Making the DOM faster

There is a pretty good comment on Hacker News (of all places) by nostrademons explaining why the DOM is not slow. Basically, all the DOM mutation operations are pretty trivial. Inserting and removing nodes, moving them around, setting an attribute, etc. It’s layout that takes a while and layout can be synchronously triggered through APIs such as offsetWidth and getComputedStyle(). So you have to be careful to group all your DOM mutations and only start asking layout questions afterwards.

(This has been a known pattern in some circles for a long time; tip of my imaginary hat to my former Q42 colleagues. However, I don’t think it’s generally well-known, especially given some of the “DOM is slow” advocacy I have seen of late.)
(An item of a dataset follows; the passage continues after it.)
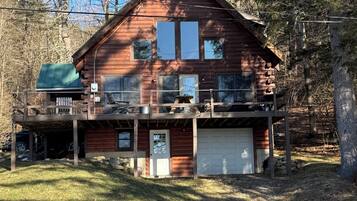 A two-story log cabin with a covered deck, a garage, and a large window overlooking a wooded area.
Still, whenever you invoke insertBefore() or remove(), there is some cost as these JavaScript functions are ultimately backed by C++ (nay Rust) with an IDL translation layer inbetween that makes sure the C++ doesn’t get to see anything funky. This happens as it’s important that the C++-backed DOM remains in a consistent state for all the other algorithms that run in the browser to not get confused. Research doing the DOM entirely in JavaScript has halted and in fact would hinder efforts to do layout in parallel, which is being spearheaded by Servo.

Yehuda came up with an idea, based on writing code for Ember.js, which in turn has been inspired by React, to represent these mutation operations somehow and apply them to a DOM in one go. That way, you only do the IDL-dance once and the browser then manipulates the tree in C++ with the many operations you fed it. Basically the inverse of mutation records used by mutation observers. With such a DOM mutation representation, you can make thousands of mutations and only pay the IDL cost once.

Having such an API would:

  1. Encourage good practice. By providing a single entry-point to mutating the DOM, developers will be encouraged to group DOM updates together before doing any kind of layout. If more sites are structured this way that will increase their performance.
  2. Improve engine performance. This requires further testing to make sure there is indeed a somewhat non-trivial IDL cost today and that we can reduce it by passing the necessary instructions more efficiently than through method calls.
  3. Potentially enable more parallelism by preparing these DOM updates in a worker, via supporting this DOM mutation representation in workers and making it transferable. That reduces the amount of DOM work done where user interaction needs to take place.

Looking forward to hear what folks think!

Update: Boris Zbarsky weighs in with some great implementer perspective on the small cost of IDL and the various tradeoffs to consider for a browser-provided API.

Users, clients, and servers

Some thoughts and lessons learned on the web’s client-server model, interoperability, and standards:

In other words, the robustness principle most certainly applies to clients, whereas servers have more freedom to be strict (or broken, if you will) both ways. This model also applies if you look at the individual subsystems, e.g., JavaScript language implementations versus deployed JavaScript code and HTML implementations versus deployed HTML. We have found time and again that minor divergence between client implementations leads to broken behavior for a given server, whereas the reverse does not apply.

Users win, software scrambles.

HTML components

Hayato left a rather flattering review comment to my pull request for integrating shadow tree event dispatch into the DOM Standard. It made me reflect upon all the effort that came before us with regards to adding components to DOM and HTML. It has been a nearly two-decade journey to get to a point where all browsers are willing to implement, and then ship. It is not quite a glacial pace, but you can see why folks say that about standards.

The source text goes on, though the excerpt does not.